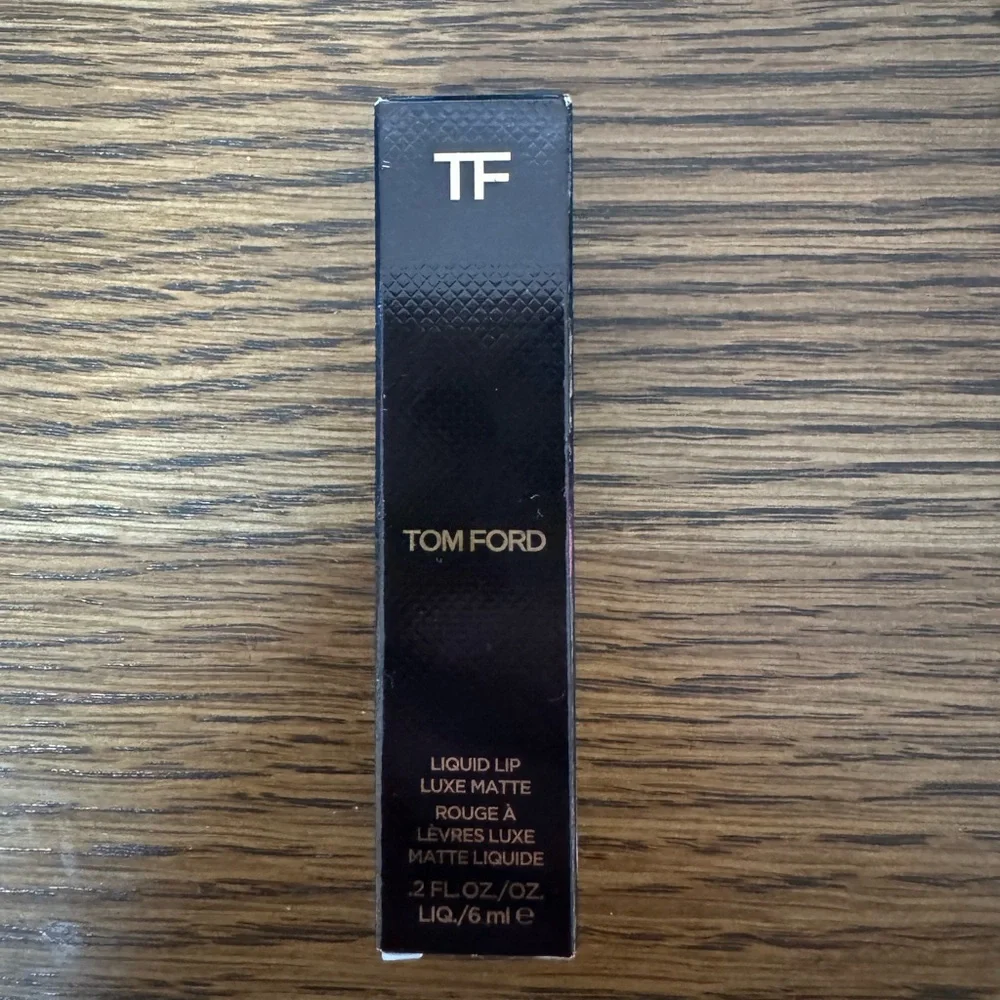 Tom Ford Liquid Lip Luxe Matte - Bold Carnal Red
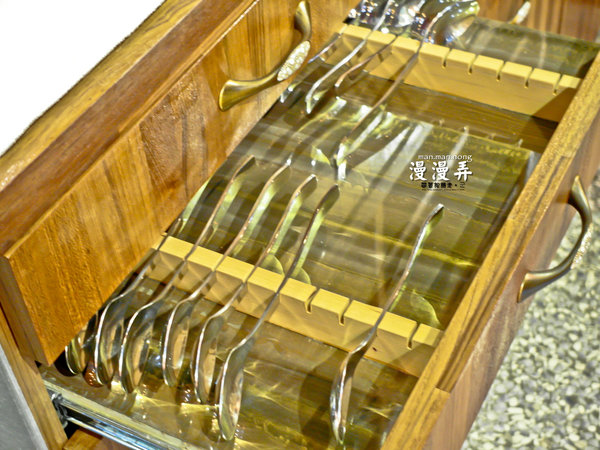 漫漫弄 man.man.nong：台南 南區．隱藏巷弄裡的義式餐廳  漫漫弄 man.man.nong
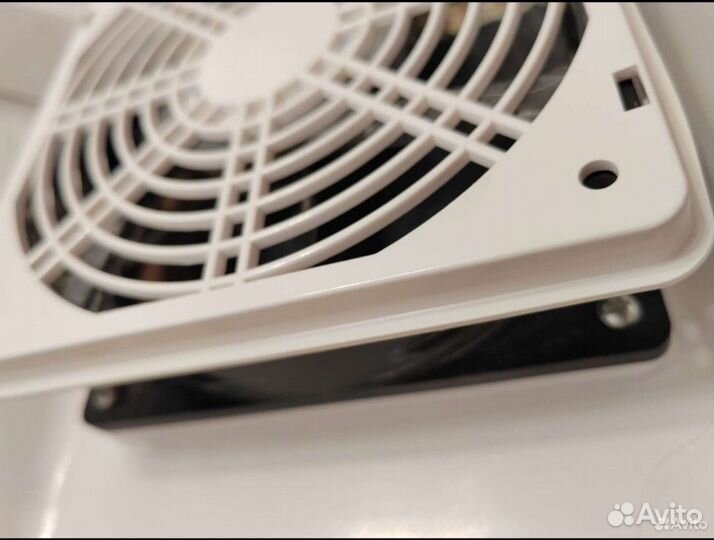 Маникюрный пылесос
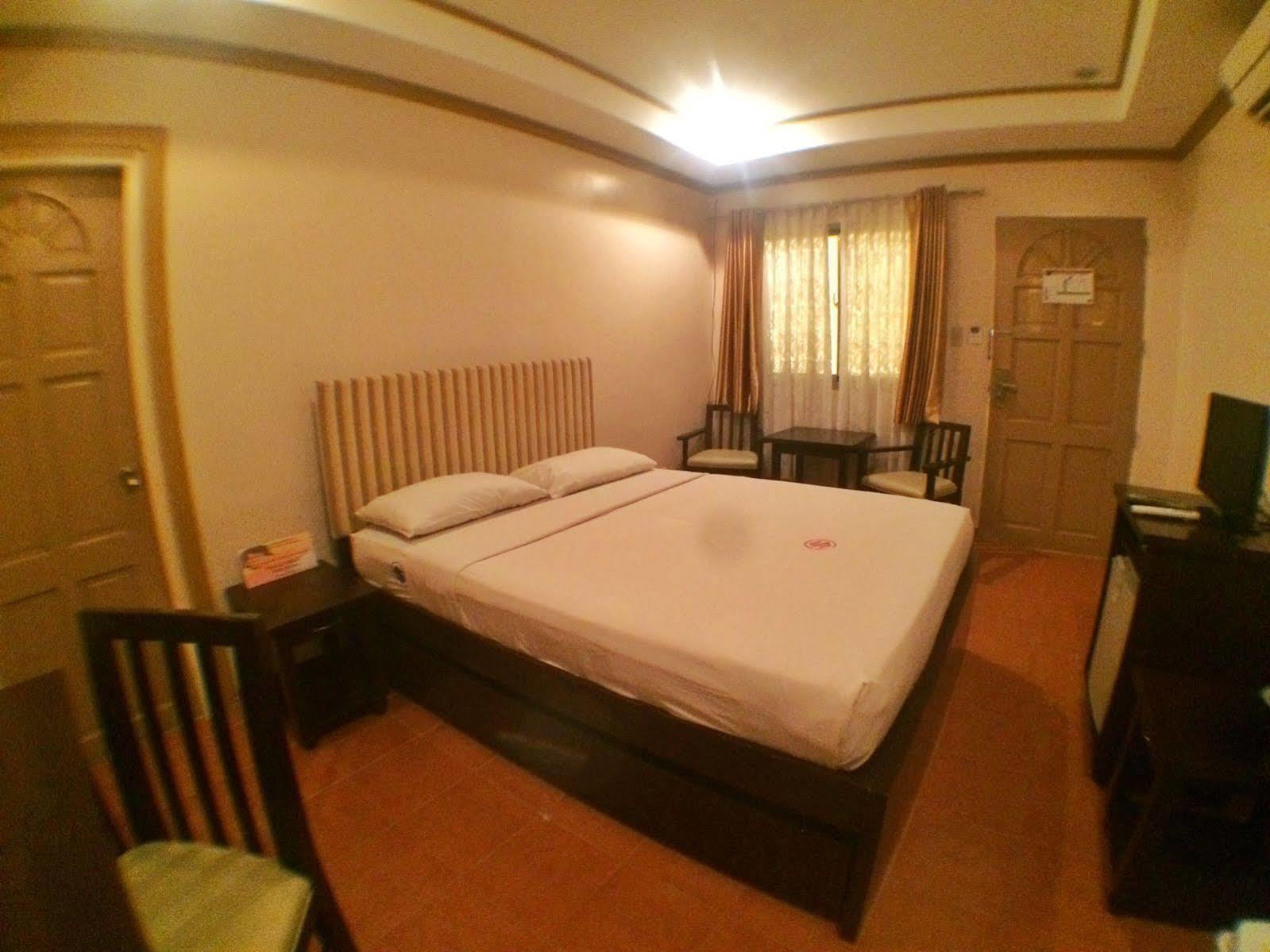 Suzuki Beach Hotel Olongapo Buitenkant foto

------------

Exercise description: Find the line that contains "漫漫弄 man.man.nong：台南 南區．隱藏巷弄裡的義式餐廳" and repeat it, along with every line after it to the end of the data, exactly; drop the pictures.

Answer space:
 漫漫弄 man.man.nong：台南 南區．隱藏巷弄裡的義式餐廳  漫漫弄 man.man.nong
 Маникюрный пылесос
 Suzuki Beach Hotel Olongapo Buitenkant foto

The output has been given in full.